AB’nin kararı nedeniyle, bor ihracat pazarının yüzde 50 olumsuz etkilenmesi ve en az yıllık 50 milyon dolar ihracatta kayıp yaşanmasının söz konusu olduğu belirtilirken, AB’nin kararının "ikincil ve psikolojik etkilerinin" daha fazla olacağına işaret ediliyor. Buna göre, ülkelerin AB direktifini ulusal mevzuatlarına yansıtmasına bağlı olarak bu etkiler görülecek. Direktif uyarınca, bor ve türevleri, içeriğinde yüzde 5.5’ten fazla bor ve türevleri bulunan ürünlerin ihracatında ambalajın üzerinde "üreme sağlığı üzerinde etkili toksik madde" ibaresi, kurukafa ve çapraz kemik işaretleri, belli semboller bulunacak. Ayrıca, kozmetik gibi ürünlerde de içeriğinde yüzde 5.5’ten fazla bor türevi kullanımı yasaklanıyor. Uzmanlar, bu işaretleri koymanın ilk aşamada ihracatı doğrudan olumsuz etkilemese bile, tüketici tercihlerini olumsuz etkileyebileceğine dikkat çekiliyor. Bu işaretler nedeniyle tüketicilerin, içinde bor ve türevleri bulunan ürünleri almaktan imtina edebileceğini, bunun da sanayicilerin tercihini, dolayısıyla da Türkiye’nin ihracatını olumsuz etkileyebileceğini anlatan yetkililer, AB’nin özellikle çevre ve insan sağlığı konusunda aldığı kararların diğer ülkeler tarafından da örnek alındığını belirterek, söz konusu kararın etkisinin çok daha geniş çaplı olacağını vurguladılar. Türkiye’nin bor ve türevleri ihraç ettiği ülkeler, AB’nin çekinceleri nedeniyle, AB’ye ihracatlarının olumsuz etkilenmemesi nedeniyle, bu ürünleri kullanmaktan vazgeçebilecek.

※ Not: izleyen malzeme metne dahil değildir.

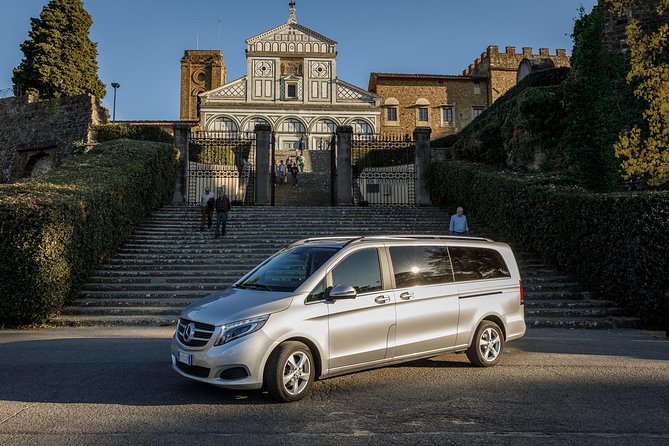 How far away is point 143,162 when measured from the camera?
17328 millimetres

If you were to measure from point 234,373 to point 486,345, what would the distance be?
3.48m

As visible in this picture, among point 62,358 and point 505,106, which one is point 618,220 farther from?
point 505,106

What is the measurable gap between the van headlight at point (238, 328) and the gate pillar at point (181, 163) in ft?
56.7

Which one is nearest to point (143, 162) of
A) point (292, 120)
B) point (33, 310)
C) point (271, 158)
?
point (271, 158)

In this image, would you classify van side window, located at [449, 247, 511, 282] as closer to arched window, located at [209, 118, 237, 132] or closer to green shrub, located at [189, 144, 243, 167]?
green shrub, located at [189, 144, 243, 167]

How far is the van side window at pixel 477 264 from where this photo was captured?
6.62 m

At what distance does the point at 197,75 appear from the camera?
6944 centimetres

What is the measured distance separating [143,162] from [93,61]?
25.2 metres

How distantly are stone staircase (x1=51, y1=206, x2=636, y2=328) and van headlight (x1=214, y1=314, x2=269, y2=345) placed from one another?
580 centimetres

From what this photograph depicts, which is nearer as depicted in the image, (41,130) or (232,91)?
(41,130)

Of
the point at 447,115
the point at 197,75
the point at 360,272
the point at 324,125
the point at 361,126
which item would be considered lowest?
the point at 360,272

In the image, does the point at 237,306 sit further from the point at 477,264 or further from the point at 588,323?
the point at 588,323

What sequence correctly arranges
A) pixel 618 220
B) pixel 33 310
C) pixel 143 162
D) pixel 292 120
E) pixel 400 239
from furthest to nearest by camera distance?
pixel 292 120 → pixel 143 162 → pixel 618 220 → pixel 33 310 → pixel 400 239

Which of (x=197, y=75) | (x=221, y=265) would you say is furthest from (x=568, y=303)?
(x=197, y=75) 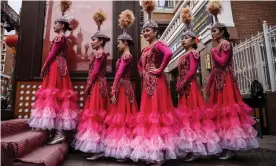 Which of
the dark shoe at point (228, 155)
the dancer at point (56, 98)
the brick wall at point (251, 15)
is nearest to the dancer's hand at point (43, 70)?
the dancer at point (56, 98)

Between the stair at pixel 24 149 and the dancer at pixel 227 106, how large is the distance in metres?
2.44

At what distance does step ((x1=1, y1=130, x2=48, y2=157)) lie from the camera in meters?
2.25

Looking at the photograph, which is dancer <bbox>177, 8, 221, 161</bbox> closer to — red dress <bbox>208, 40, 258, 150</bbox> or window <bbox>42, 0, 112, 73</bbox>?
red dress <bbox>208, 40, 258, 150</bbox>

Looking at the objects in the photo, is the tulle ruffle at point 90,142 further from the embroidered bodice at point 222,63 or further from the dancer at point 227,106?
the embroidered bodice at point 222,63

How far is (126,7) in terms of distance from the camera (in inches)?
195

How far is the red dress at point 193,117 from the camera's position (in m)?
3.11

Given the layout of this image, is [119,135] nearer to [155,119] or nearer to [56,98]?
[155,119]

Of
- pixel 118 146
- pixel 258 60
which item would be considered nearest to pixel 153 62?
pixel 118 146

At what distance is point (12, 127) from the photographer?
2.89 metres

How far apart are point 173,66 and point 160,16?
5.99 m

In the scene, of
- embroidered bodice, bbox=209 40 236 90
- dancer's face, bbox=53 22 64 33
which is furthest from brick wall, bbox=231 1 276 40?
dancer's face, bbox=53 22 64 33

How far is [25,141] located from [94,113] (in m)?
1.03

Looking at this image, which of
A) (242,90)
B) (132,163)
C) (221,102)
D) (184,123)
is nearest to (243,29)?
(242,90)

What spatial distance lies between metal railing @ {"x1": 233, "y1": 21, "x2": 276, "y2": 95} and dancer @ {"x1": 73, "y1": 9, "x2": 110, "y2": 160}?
15.5 feet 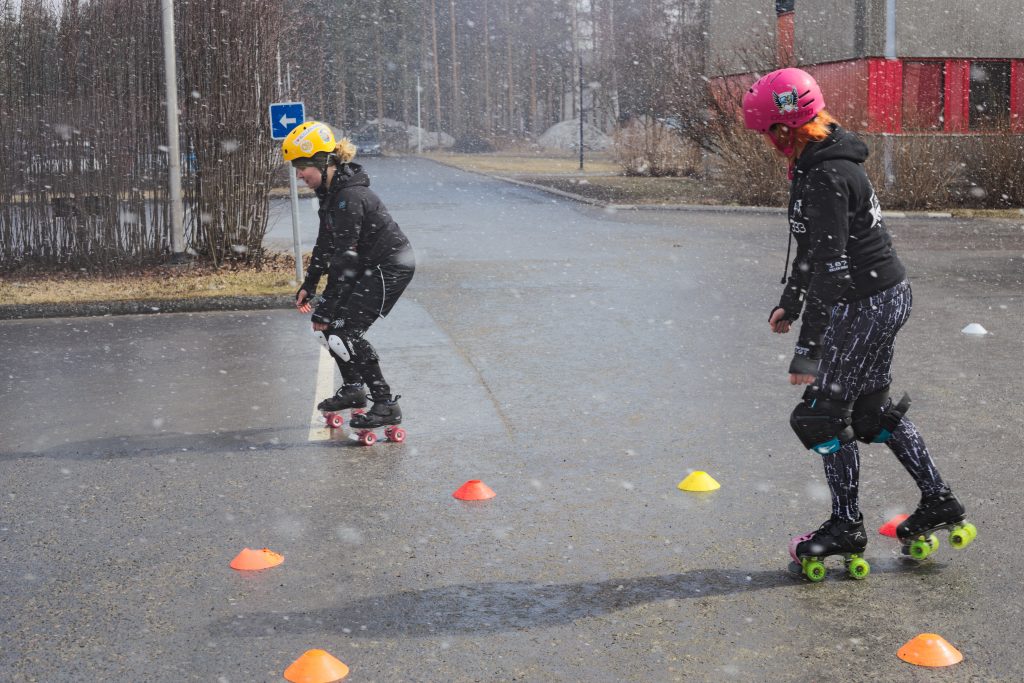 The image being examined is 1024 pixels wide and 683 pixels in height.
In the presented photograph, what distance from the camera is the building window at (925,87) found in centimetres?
2933

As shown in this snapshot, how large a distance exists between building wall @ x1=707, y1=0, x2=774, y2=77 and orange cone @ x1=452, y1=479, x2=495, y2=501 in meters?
30.4

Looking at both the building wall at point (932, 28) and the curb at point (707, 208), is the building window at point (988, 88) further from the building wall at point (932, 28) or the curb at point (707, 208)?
the curb at point (707, 208)

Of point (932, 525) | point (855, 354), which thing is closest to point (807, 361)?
point (855, 354)

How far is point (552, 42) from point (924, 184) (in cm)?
8116

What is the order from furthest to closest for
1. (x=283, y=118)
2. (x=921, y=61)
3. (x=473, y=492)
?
(x=921, y=61) → (x=283, y=118) → (x=473, y=492)

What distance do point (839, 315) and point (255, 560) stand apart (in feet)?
8.17

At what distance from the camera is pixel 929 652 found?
4.02m

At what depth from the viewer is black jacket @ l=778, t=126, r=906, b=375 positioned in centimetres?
452

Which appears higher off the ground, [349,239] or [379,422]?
[349,239]

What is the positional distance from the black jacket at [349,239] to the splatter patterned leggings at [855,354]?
3182 mm

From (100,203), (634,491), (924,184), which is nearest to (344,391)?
(634,491)

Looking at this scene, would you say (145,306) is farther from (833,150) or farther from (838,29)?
(838,29)

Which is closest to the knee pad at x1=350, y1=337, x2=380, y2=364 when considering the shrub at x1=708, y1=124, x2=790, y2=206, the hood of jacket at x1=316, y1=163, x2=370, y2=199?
the hood of jacket at x1=316, y1=163, x2=370, y2=199

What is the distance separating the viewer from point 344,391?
299 inches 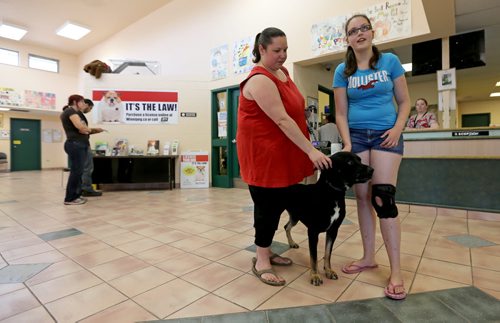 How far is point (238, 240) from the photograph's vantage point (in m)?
2.41

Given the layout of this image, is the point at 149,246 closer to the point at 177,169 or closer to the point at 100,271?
the point at 100,271

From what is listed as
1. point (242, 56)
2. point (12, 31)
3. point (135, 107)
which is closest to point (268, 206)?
point (242, 56)

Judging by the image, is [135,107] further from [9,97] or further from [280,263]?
[9,97]

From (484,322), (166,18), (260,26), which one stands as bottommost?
(484,322)

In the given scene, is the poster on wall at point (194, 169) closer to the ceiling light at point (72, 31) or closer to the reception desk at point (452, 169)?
the reception desk at point (452, 169)

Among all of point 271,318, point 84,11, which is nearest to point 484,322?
point 271,318

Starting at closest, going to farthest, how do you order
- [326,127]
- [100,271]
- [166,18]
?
[100,271], [326,127], [166,18]

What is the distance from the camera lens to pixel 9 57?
32.1 ft

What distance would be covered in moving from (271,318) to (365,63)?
4.71 ft

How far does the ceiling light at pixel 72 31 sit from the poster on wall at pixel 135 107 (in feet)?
16.3

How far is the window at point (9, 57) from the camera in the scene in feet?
31.6

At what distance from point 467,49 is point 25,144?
1382cm

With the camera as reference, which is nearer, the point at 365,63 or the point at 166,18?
the point at 365,63

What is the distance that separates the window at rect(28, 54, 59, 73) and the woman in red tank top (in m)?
12.3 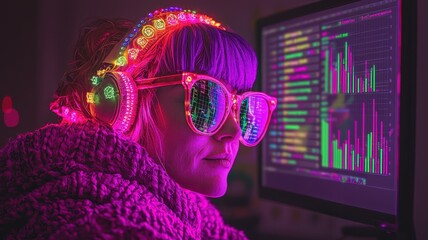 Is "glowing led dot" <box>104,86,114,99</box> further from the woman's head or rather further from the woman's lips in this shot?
the woman's lips

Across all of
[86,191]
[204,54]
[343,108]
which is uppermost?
[204,54]

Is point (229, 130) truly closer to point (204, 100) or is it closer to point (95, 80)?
point (204, 100)

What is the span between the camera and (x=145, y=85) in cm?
75

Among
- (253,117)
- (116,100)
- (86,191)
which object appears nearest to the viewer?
(86,191)

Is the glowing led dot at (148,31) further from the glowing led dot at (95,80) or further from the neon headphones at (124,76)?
the glowing led dot at (95,80)

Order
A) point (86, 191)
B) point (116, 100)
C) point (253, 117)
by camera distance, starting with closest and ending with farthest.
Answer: point (86, 191) → point (116, 100) → point (253, 117)

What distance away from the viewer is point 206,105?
0.75 meters

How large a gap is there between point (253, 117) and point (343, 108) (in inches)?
8.1

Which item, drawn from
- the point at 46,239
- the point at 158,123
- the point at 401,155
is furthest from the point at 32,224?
the point at 401,155

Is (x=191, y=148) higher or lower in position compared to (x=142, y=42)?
lower

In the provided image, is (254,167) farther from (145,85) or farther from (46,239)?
(46,239)

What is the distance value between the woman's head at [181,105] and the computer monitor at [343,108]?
26 centimetres

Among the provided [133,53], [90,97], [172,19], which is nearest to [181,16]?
[172,19]

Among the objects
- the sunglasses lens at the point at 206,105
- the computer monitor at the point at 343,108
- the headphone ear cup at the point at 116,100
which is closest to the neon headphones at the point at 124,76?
the headphone ear cup at the point at 116,100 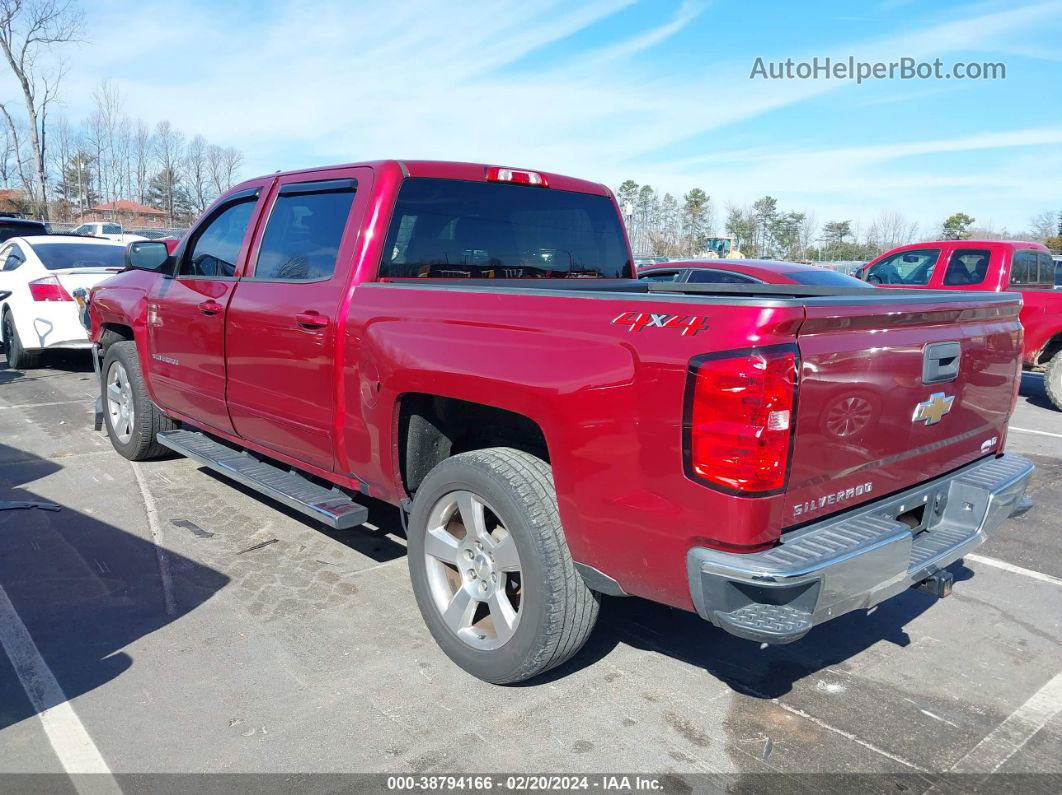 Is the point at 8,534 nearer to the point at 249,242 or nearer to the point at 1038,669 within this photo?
the point at 249,242

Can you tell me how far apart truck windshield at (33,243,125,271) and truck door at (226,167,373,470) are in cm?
625

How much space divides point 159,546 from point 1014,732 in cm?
415

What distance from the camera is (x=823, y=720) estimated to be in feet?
9.95

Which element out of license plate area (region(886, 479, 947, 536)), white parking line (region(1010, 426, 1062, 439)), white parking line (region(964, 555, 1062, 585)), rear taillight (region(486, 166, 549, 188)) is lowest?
white parking line (region(964, 555, 1062, 585))

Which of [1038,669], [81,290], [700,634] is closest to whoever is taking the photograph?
[1038,669]

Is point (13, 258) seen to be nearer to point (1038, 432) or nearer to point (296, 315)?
point (296, 315)

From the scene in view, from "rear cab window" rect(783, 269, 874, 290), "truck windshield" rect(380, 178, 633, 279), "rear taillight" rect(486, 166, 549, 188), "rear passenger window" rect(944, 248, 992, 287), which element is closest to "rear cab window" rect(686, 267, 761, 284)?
"rear cab window" rect(783, 269, 874, 290)

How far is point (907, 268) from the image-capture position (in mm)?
11281

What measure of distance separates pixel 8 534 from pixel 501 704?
3.31 meters

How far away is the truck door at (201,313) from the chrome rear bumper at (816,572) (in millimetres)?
3281

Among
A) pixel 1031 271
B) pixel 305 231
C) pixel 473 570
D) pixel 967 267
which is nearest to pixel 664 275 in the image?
pixel 967 267

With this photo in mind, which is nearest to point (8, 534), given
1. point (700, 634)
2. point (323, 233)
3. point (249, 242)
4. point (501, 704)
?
point (249, 242)

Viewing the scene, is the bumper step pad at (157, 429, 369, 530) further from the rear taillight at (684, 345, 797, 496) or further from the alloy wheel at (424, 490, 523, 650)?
the rear taillight at (684, 345, 797, 496)

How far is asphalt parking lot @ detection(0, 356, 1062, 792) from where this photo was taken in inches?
110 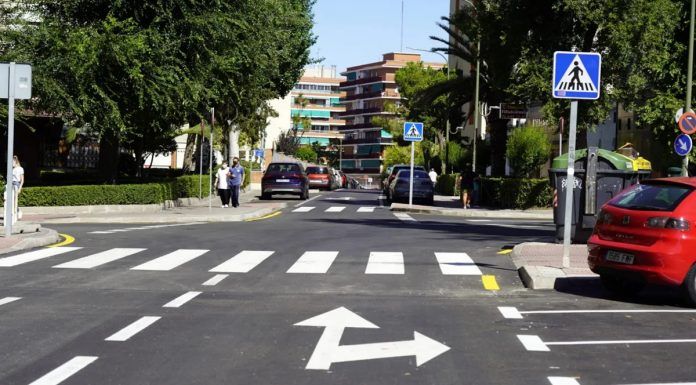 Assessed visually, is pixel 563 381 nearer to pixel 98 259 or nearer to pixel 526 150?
pixel 98 259

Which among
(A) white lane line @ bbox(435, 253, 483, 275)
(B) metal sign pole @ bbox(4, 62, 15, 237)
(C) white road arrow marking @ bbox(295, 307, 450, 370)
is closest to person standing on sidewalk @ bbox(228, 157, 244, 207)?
(B) metal sign pole @ bbox(4, 62, 15, 237)

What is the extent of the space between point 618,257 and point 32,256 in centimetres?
889

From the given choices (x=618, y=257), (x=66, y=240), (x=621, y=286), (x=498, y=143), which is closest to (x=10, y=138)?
(x=66, y=240)

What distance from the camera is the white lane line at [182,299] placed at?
10.0 m

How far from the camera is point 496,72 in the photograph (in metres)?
35.8

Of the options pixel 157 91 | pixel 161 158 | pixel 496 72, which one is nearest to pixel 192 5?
pixel 157 91

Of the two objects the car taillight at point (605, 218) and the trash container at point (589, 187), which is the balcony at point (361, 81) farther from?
the car taillight at point (605, 218)

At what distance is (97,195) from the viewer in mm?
29609

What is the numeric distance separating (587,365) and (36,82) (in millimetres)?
22621

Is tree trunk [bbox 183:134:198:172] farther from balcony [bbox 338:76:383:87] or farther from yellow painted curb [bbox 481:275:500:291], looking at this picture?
balcony [bbox 338:76:383:87]

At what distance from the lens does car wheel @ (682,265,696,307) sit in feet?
33.8

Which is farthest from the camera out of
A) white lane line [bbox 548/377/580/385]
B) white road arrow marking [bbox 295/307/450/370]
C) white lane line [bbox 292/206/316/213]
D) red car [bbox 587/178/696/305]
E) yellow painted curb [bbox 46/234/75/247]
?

Dünya rezervinin yüzde 72’si Türkiye’de

Dünyada 4 milyar ton bor rezervi var, bunun yüzde 72’si Türkiye’de. Ama Türkiye dahil yıllık tüketim 4 milyon ton. Bor kimyasallarının yüzde 95’i cam, seramik ve deterjan sektörüne satılıyor. Bu yıl, 500-600 milyon dolar düzeyinde gerçekleşmesi beklenen bor ihracatının 130-140 milyon doları AB’ye yönelik olacak.

Bor madeni nerelerde kullanılıyor

Piyade tüfeği, tabanca, top, tank üretiminde.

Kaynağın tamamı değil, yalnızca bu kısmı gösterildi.